Stored records:

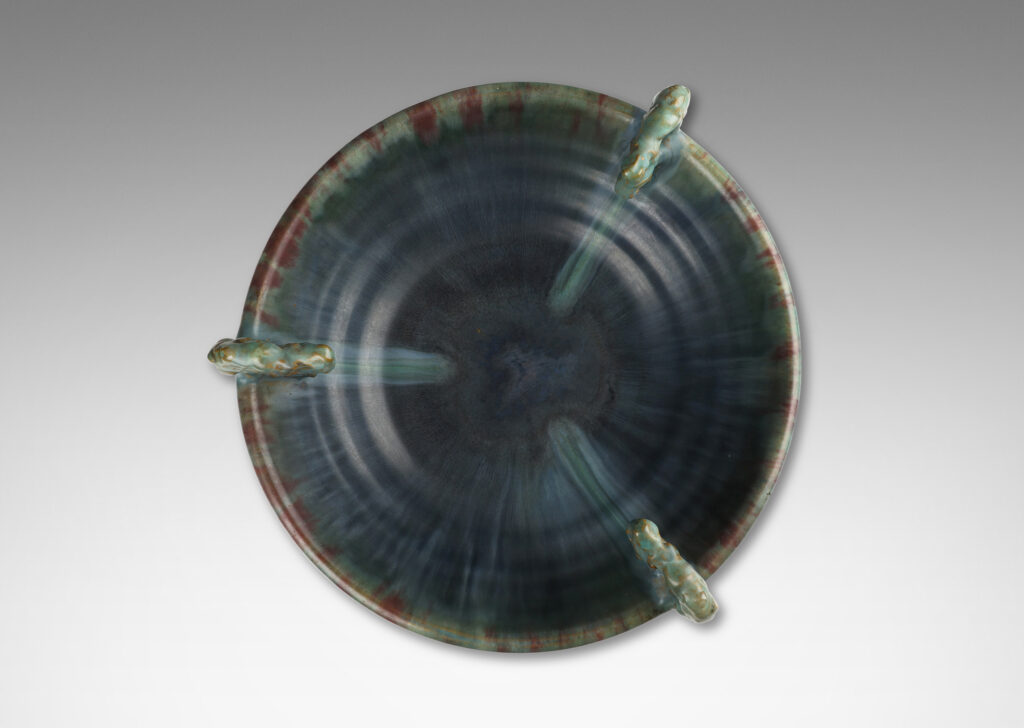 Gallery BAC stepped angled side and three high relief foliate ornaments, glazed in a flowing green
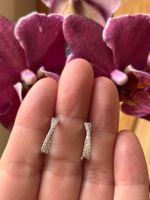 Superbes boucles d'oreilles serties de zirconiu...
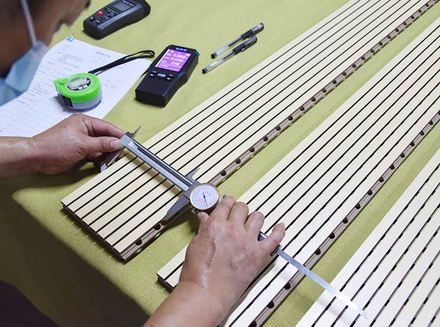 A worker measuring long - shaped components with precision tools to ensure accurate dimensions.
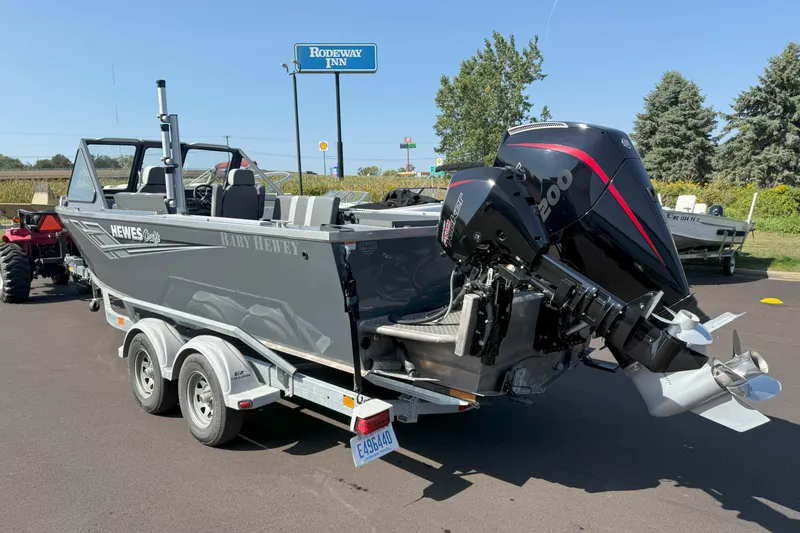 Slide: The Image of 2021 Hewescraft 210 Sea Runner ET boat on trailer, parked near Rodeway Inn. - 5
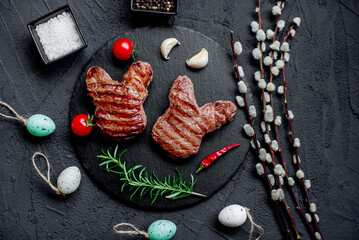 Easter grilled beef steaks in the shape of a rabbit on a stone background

What to do: The required output is the lines from the one containing "A worker measuring" through the end of the records above, reproduced exactly, with no pictures.

Solution for this problem:
 A worker measuring long - shaped components with precision tools to ensure accurate dimensions.
 Slide: The Image of 2021 Hewescraft 210 Sea Runner ET boat on trailer, parked near Rodeway Inn. - 5
 Easter grilled beef steaks in the shape of a rabbit on a stone background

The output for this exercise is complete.